Monday, July 26, 2010

Why I love Twitter (and macaroons)

Oh sweet Jesus, these are the best macaroons I've ever had & I've been to France! Thanks to Twitter and @dannymacaroons, I got to enjoy them!

After Amy, a food blogger I follow (@amyblogschow), tweeted about eating "surprisingly moist" salted caramel macaroons, and letting me know that they're from Danny Macaroons and are available locally, I immediately had to go out & get some. I love me some salted chocolate and salted caramel so I had to try them. Dan saw Amy's tweet to me and replied letting me know that he just dropped off fresh batches around the city. After walking 15 minutes to the closest coffeeshop listed as a seller, they tell me they're out and they've suspended their shipment. Well, boo!

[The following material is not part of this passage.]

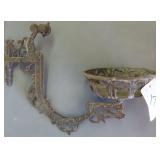 $19 SHIP: Victorian Cast Iron Oil Lamp Holder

I tweeted back to Dan & what ends up happening is a bunch of back-and-forth emails with him and he makes plans with me to hand deliver not only some salted caramel macaroons, but an assortment of plain & chocolate covered ones as well.

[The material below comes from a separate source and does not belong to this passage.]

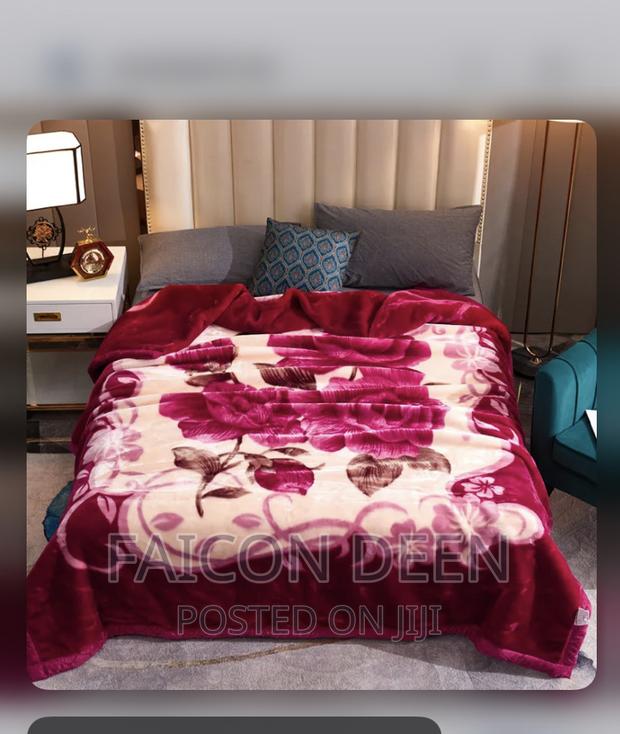 Highest Quality Thick Heavy Designer Blanket · Photo 1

This evening, Dan was waiting outside of my office and pulled out a six-piece bag of macaroons from his cooler. While he tells me about himself and his business - Dan's been in business for 4 months and makes the macaroons himself in Spanish Harlem - I bit into the salted caramel macaroon and it was an explosion of flavors: sweet, salty, coconuty, and very, very moist. (I was tempted to take a picture of him, but I was busy eating.)

However, the best was yet to come. On the train ride home, I tried a plain macaroon. Holy cow, I went bananas on the train: this was the best macaroon I've ever eaten! Ever! Again, super moist, sweet but not overpowering, coconut perfectly shredded. I was all moaning and picking off the pieces that fell on my shirt and in the crook of my arm and shoving it into my mouth like some out of control person. It was that good!

So, if you're a fan of macaroons, find a shop that carries them (but call first, just in case).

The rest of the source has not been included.